朝日新聞
2005年09月24日     朝刊     be週末e4     012     01356文字
   

(サザエさんをさがして)育毛剤 悩める人のカミのもと

 女性ならばシワ、男性ならば髪の毛。50年後の今も、悩みは同じだ。
 波平は、この作品掲載以前から「けはえぐすり」を使っていたようだ。マスオがひげそり後に、アフターシェーブローションと間違えてあごに塗り、ひげがはえてきたこともあった(52年1月)。
 昭和初期の32年に養毛剤を売り出した加美乃素本舗の生き字引、青柳大典さん(63)は、「戦争で途絶えた生産が51年に復活し、ラジオやテレビなどで宣伝したので、この漫画に出ているのもうちの製品でしょう。でも波平は、もう手遅れの状態」と厳しいご意見だ。

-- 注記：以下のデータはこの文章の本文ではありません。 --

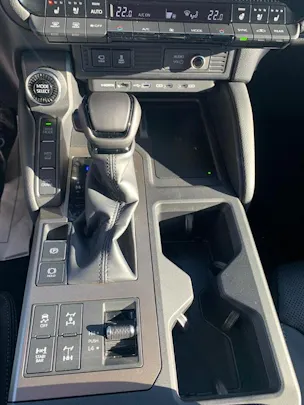 Toyota Land Cruiser 2.8TD Invincible
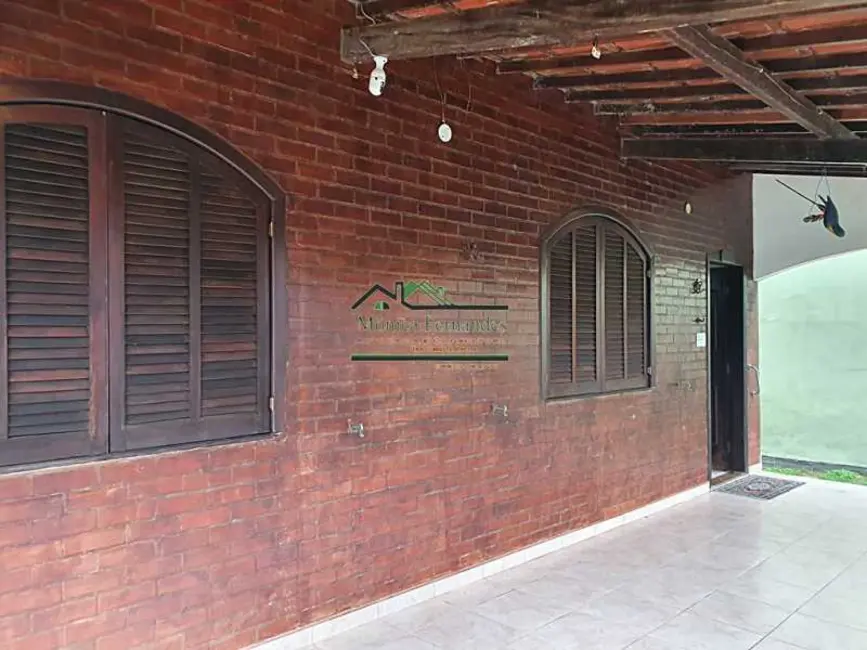 Foto 3 de Casa com 4 quartos à venda, 300m2 em Marica - RJ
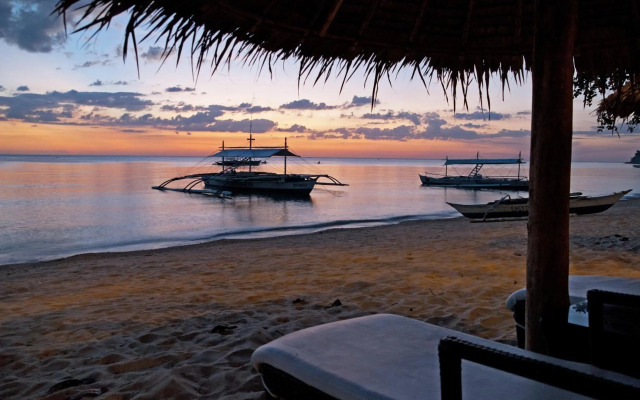 Easy Diving and Beach Resort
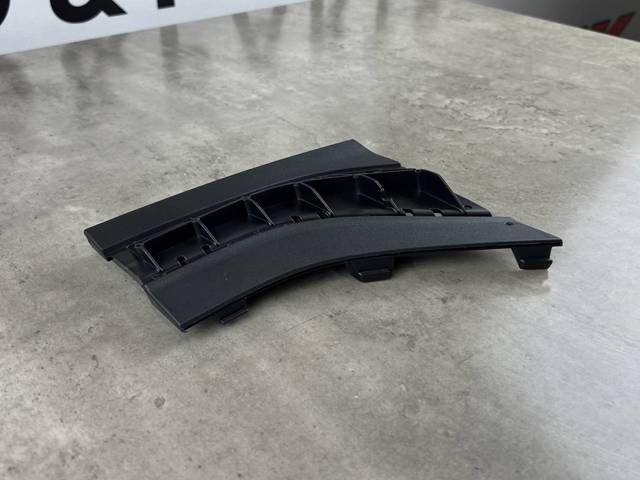  VAG 80F8074429B9 ціна, від 34.12 USD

 波平の苦悩は続く。髪の毛がついた櫛(くし)が室内に落ちているのに気づいたフネが「だれです。クシをつかいっぱなしのひとは!!」と怒る。波平は「わしではないぞ!!」と答え、フネに「むろんです!」と言われて「さびしい」ともらす(55年11月)。
 さらに、ついに打つ手がないと悟ったのか、かつらをつけて帰宅し家族のブーイングを浴びる(67年9月)。
 そんな波平にも「ふさふさ」の時代はあった。押し入れにあった黒髪の若い男性の写真を見つけたワカメは、フネからお父さんの写真だと聞き、今の父親は2度目なのかと泣く。波平は「わしゃそれほどかわっとらんぞッ!」(65年8月)。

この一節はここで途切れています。